That has created a vexing challenge for scientists, who are trying to persuade more blacks to participate in studies — both while they are alive and after they die. A critical part of their efforts is asking for brain donations.

“There is a lot of terrible history that we have to acknowledge and move past,” said Lisa L. Barnes, a neuropsychologist at the Rush Alzheimer’s Disease Center in Chicago. “A lot of minority communities still feel that research involves being a guinea pig. Nobody wants to be used. Nobody wants to be a guinea pig.”

Shirley Fitch, who lives south of Chicago, said no thank you to Rush researchers on behalf of her husband, Clarence. The former university professor died last summer at age 86, seven years after being diagnosed with dementia.

“I’m hesitant because of distrust,” said Fitch. “Once my brain is donated for one purpose, who is to say it won’t be used for another purpose? It is out of your control.”

Although Shirley Fitch is participating in non-Alzheimer’s research at Rush, she said the historical abuses of black people have been “awful and hard to get over.”

Even today, blacks tend to get worse treatment from hospitals, she said. “It all gets stirred in the pot as to feelings about bias.”

Dorothy Reeves, 79, helps feed her husband, Levi, who has Lewy body dementia. Reeves, a former schoolteacher, initially declined brain donation but later agreed — for both her and her husband. (Anna Gorman/KHN)

The Knowledge Gap

The precise explanations for the disparities among blacks and whites are unknown. Until recently, most of our understanding of the pathology of dementia was largely based on studies of white patients.

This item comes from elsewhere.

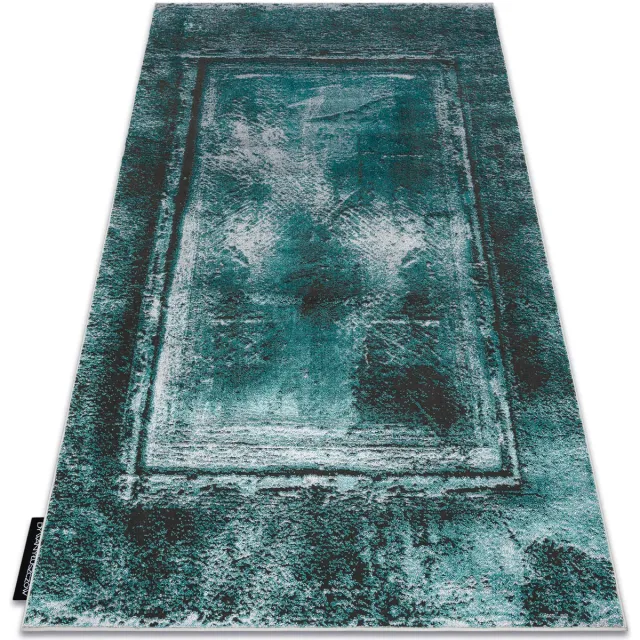 RUGSX Kleden Rugsx Modern DE LUXE tapijt 634 kader vintage Groen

“We have a real knowledge gap in accurately knowing if dementia is different in minorities as compared to whites,” said John Olichney, a neurologist and clinical director of the Alzheimer’s Disease Center at the University of California-Davis.

Scientists say blacks’ disproportionate rates of dementia may be related in part to the prevalence of disorders that raise the risk of vascular disease: diabetes and hypertension, for instance. Socioeconomic factors such as higher rates of poverty and lower levels of education also seem to play a significant role, according to research led by the University of California-San Francisco.

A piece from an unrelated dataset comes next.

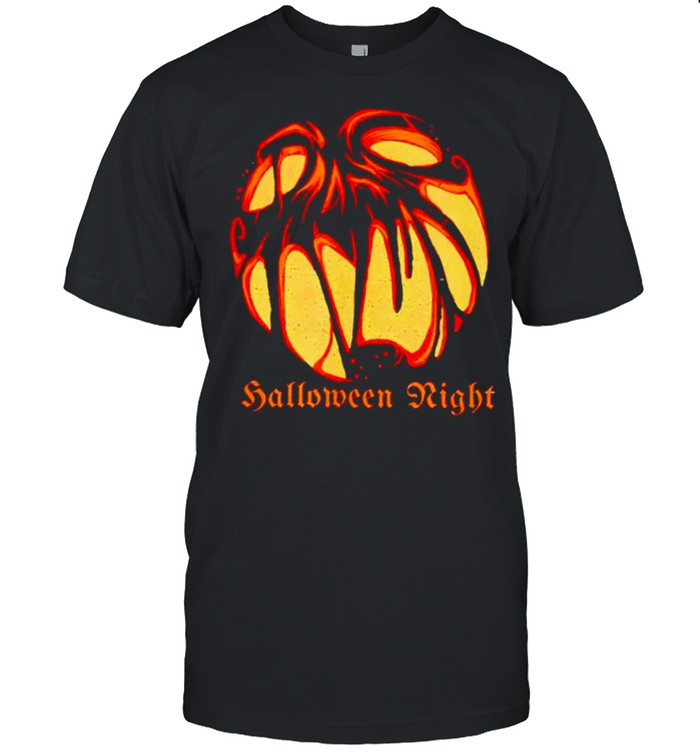 Halloween nignt scary pumpkin shirt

Despite advances in imaging technology that allows researchers to peer into the brains of live patients, studying the organ after death is crucial to a deeper understanding of the causes and progression of disease and to developing drug treatments, Olichney said.

The challenge is getting enough brains from different populations to study. It’s not just a matter of assuring potential donors that Tuskegee and other ethical debacles are in the past. To gain trust, Alzheimer’s research facilities such as UC-Davis and Rush University are also trying to diversify their staffs, collaborate with community leaders and study religious and cultural beliefs on brain donation.

For example, some African-Americans don’t want their brain separated from their body when they are buried, said Stephanie Monroe, director of African Americans Against Alzheimer’s, which is engaged in various efforts to educate people about the disease and its effects.

“Many people believe in ashes to ashes and dust to dust,” she said.

A Changing Mindset

Alzheimer’s researchers at UC-Davis recognized about 15 years ago that they needed a more representative slice of the population, especially in diverse Northern California. At the time, centers around the country were mostly studying well-educated, white people who volunteered, Olichney said.

So they started reaching out to both the African-American and Latino communities. “That was a real change in our mindset,” he said.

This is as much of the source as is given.